L’interview #kelimejoy de…Marine, journaliste, écrivain et globe-trotteuse.

Marine Sanclemente

Ma rencontre avec Marine Sanclemente est le fruit d’un très heureux hasard.

En découvrant dans le Figaro Magazine, un excellent article sur Alaçati, le village où je réside en Turquie, j’ai spontanément contacté Marine. Peu de personnes en France connaissent ce petit « Saint Tropez » au bord de la mer Egée et j’étais intriguée par cette rare journaliste française qui semblait si bien connaitre la Turquie.

Marine a très spontanément répondu à mon message et j’ai ainsi fait la connaissance d’une jeune femme super active, passionnante et brillante. J’ai eu depuis la joie de l’accueillir, à la maison à Alaçati. La boucle est bouclée.
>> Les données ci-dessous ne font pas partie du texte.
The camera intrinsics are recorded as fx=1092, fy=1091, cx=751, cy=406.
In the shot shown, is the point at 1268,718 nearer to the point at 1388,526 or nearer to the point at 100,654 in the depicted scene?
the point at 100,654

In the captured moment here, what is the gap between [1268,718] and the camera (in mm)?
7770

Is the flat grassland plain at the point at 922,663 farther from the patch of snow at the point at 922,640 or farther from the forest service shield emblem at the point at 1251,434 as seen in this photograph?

Marine est l’incarnation même de la #kelimejoy

Alaçati – Photo personnelle Marine

Marine, raconte nous ton parcours.

J’ai eu une vocation précoce pour le journalisme. Déjà en troisième, j’effectuais mon stage de découverte dans un organe de presse et en revenais convaincue. J’ai donc intégré une école de journalisme, avant de poursuivre mon cursus à l’université Galatasaray d’Istanbul. De retour en France (le moral en berne), j’ai fait un stage chez National Geographic Traveler et… j’y suis restée ! C’était inespéré de trouver un tel job de rêve pour une entrée dans le monde du travail. Je travaillais en parallèle comme pigiste pour d’autres médias, afin de me constituer un réseau et d’accumuler un peu d’expérience. Après presque 4 ans, j’ai eu envie d’autres choses. Et j’ai finalement rejoint la rédaction du Figaro Voyage, en février 2020, où je m’épanouis pleinement.
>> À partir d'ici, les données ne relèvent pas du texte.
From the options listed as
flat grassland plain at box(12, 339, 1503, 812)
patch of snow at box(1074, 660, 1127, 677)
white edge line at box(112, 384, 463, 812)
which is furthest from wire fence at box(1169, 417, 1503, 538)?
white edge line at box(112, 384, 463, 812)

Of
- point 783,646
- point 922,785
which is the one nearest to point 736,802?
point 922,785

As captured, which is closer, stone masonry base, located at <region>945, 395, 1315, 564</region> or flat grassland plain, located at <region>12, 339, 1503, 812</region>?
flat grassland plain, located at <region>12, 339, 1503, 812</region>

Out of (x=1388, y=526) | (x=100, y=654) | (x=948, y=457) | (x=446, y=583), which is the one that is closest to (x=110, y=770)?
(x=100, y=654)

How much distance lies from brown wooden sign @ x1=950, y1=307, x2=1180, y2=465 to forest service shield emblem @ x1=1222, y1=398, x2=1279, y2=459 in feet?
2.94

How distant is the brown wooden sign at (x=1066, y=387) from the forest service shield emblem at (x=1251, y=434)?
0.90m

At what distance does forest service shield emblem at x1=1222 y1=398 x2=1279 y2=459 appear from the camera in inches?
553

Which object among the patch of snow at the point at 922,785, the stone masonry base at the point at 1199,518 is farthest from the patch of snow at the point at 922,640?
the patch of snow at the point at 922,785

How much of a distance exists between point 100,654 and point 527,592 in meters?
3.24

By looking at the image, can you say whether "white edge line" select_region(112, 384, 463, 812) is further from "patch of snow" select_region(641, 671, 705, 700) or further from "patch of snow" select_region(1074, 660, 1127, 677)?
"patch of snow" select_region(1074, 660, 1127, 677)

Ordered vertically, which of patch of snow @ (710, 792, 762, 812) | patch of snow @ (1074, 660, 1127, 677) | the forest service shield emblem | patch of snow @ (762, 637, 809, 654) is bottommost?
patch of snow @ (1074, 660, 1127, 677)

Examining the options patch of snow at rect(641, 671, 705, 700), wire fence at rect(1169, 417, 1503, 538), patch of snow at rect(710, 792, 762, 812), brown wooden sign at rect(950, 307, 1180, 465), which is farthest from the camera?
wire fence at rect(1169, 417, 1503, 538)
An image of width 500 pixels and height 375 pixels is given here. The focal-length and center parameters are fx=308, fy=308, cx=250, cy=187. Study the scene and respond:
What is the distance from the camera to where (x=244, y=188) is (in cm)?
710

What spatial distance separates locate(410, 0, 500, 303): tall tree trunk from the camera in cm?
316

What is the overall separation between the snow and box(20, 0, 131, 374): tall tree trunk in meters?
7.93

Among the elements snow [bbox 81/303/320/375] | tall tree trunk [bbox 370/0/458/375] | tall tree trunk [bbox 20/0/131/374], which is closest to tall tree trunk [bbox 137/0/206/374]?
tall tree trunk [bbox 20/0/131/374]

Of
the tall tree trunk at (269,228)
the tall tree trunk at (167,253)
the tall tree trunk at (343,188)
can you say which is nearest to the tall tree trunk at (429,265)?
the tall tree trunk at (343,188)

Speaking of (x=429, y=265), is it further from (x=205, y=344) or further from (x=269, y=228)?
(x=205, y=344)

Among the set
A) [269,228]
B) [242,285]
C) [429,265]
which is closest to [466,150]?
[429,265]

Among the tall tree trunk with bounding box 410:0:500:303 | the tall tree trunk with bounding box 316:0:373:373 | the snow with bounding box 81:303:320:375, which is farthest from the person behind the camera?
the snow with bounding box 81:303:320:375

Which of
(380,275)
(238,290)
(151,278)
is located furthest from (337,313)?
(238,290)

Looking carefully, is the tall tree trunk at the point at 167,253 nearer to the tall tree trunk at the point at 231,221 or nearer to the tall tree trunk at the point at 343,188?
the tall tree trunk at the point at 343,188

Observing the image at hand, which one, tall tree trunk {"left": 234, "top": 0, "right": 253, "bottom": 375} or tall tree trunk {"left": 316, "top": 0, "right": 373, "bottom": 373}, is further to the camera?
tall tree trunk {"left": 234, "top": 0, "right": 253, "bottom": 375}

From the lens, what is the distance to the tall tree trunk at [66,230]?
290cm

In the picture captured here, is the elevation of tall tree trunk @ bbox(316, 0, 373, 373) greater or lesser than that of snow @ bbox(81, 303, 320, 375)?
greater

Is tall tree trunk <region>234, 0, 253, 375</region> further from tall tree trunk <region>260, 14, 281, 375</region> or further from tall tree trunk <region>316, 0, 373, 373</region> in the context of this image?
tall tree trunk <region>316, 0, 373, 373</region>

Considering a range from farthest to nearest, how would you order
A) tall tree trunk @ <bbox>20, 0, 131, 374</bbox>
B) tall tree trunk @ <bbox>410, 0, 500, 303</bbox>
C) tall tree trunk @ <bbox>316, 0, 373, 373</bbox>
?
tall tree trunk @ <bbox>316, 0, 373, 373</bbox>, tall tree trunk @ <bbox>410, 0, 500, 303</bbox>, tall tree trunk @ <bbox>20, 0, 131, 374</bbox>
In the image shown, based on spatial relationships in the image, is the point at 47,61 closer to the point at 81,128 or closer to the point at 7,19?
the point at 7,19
Comme j’ai la fâcheuse tendance à m’ennuyer rapidement, je co-écris en parallèle des récits de voyage avec mon amie Catherine Faye, journaliste et romancière. Le premier, L’Année des deux dames, est paru en septembre 2020. Nous sommes parties sur les traces de deux aventurières françaises qui, en 1933, ont plaqué leur quotidien parisien pour traverser le Sahara à dos de chameau. Nous avons voyagé deux mois en Mauritanie dans les mêmes conditions qu’elle pour mettre en regard nos deux époques et redonner vie à ces femmes singulières tombées dans l’oubli. Une sacrée aventure qui nous a donné envie de repartir sur les traces de deux autres femmes pour écrire notre second livre ensemble. 

Comment définis-tu ton style vestimentaire et où puise-tu ton inspiration 

Dans la vie de tous les jours, à la rédaction, j’ai un style assez classique, presque formel. Je privilégie les jolies coupes et les belles matières, dans des tonalités souvent neutres. Ma seule extravagance se joue du côté chaussures (je passe des heures sur Vestiaire Collective pour trouver des merveilles). Et comme je suis toute petite, plus c’est haut, mieux c’est. Quand il s’agit de sortir, je prends en revanche un vrai plaisir à porter des pièces loin d’être discrètes. Pour les voyages, le confort prime avant tout. Mais grâce à certaines marques (je pense notamment aux combinaisons Septem que j’adore), on arrive à garder une apparence correcte. 

Les femmes que je croise à Paris ou à l’étranger lors de mes voyages sont mes sources d’inspiration. Pour le reste, le principal est de me sentir à l’aise et confiante dans ce que je porte. 

Quel tee-shirt Studio Kelimé as-tu choisi et pourquoi ?

J’ai choisi le tee-shirt Stay Wild parce que c’est un état d’esprit que j’essaye de cultiver. C’est le symbole pour moi d’un certain attachement à la liberté, d’être à l’écoute de son instinct et de mettre de la fantaisie dans son quotidien. Ce qui est assez en phase, je crois, avec la philosophie de Studio Kelimé.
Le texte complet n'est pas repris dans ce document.